◆ TASK STATEMENT
From the records below, print only the part that opens with the line containing "Lemon Orange #1 growlog timeline photo" and closes with the line containing "Chrysocome) Pillow Covers"; omit the pictures.

◆ DATA RECORDS
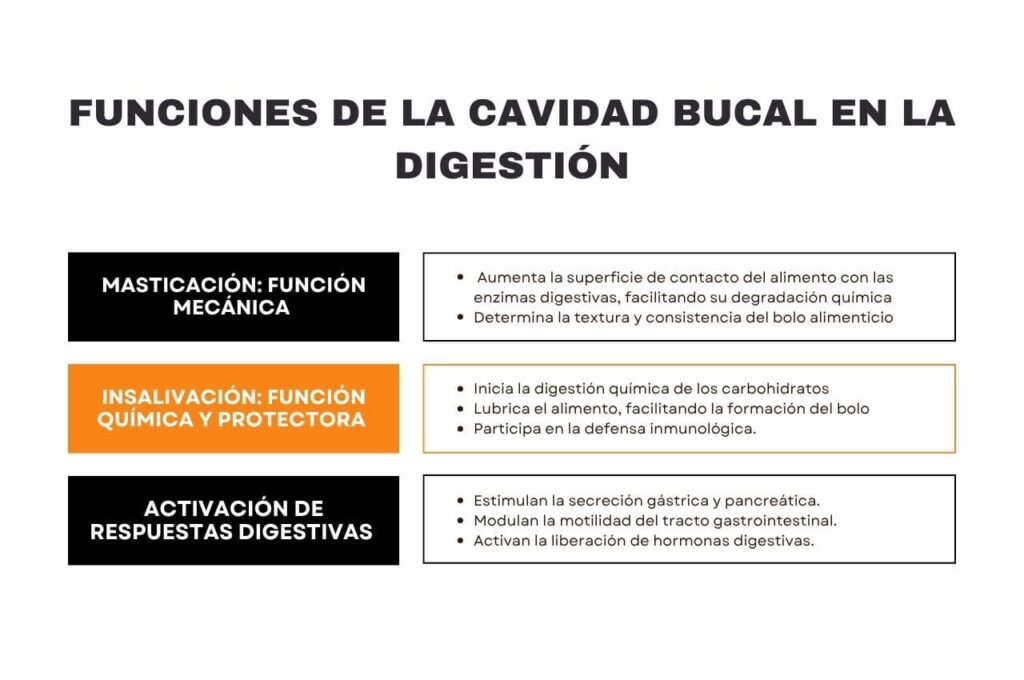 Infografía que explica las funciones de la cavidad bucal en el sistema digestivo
...
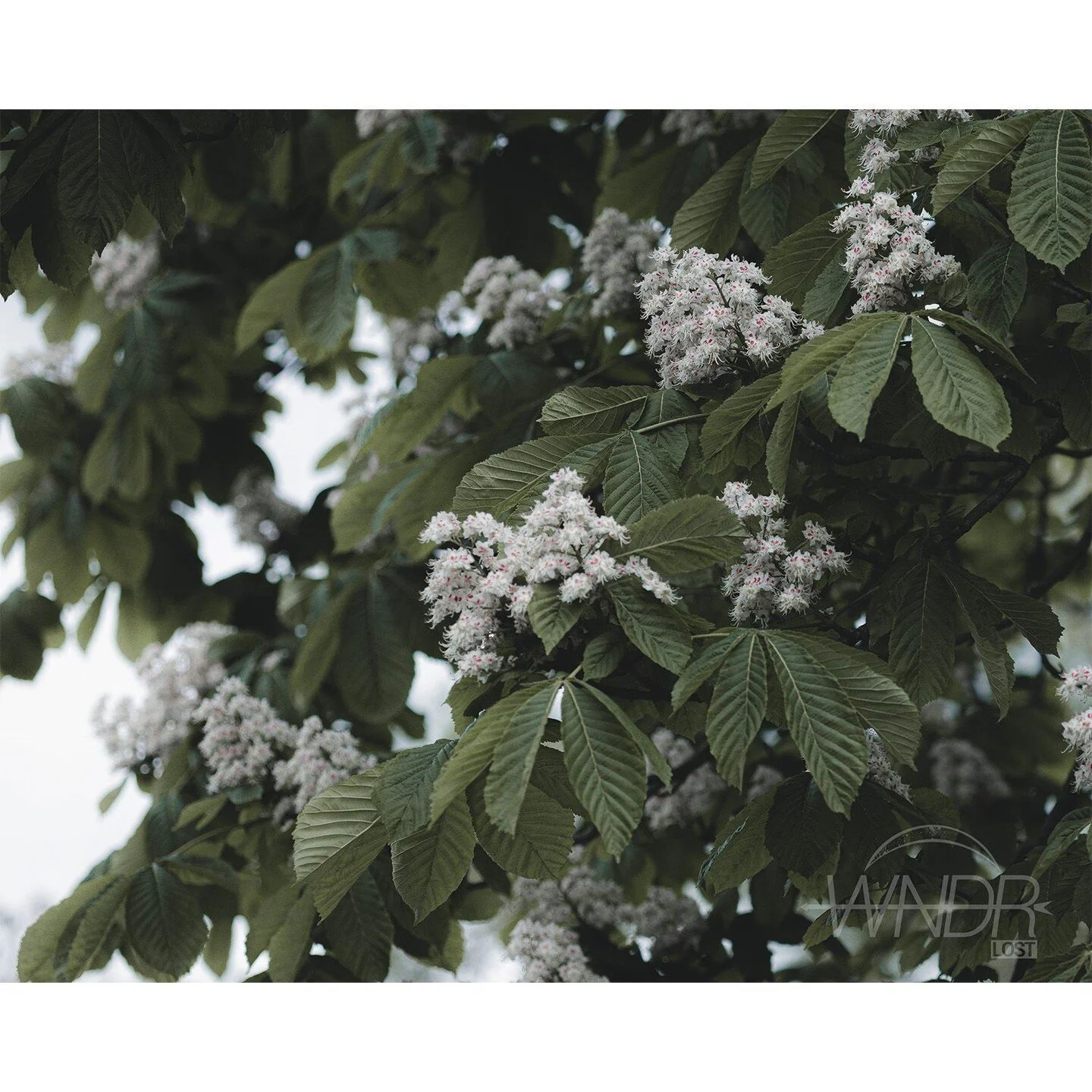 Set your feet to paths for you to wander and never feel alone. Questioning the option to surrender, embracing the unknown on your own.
==
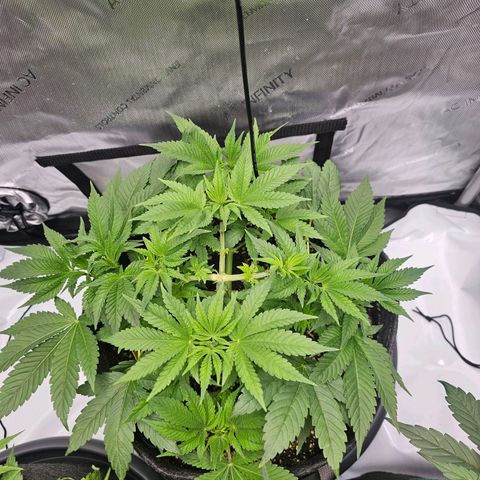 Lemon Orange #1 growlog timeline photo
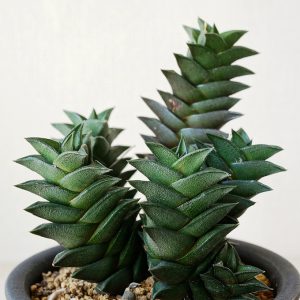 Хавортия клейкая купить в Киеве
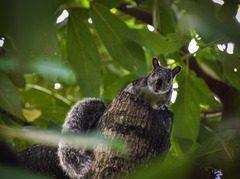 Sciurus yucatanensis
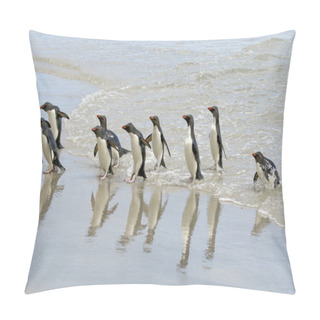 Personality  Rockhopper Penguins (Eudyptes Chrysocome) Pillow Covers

◆ OUTPUT OF THE TASK
 Lemon Orange #1 growlog timeline photo
 Хавортия клейкая купить в Киеве
 Sciurus yucatanensis
 Personality  Rockhopper Penguins (Eudyptes Chrysocome) Pillow Covers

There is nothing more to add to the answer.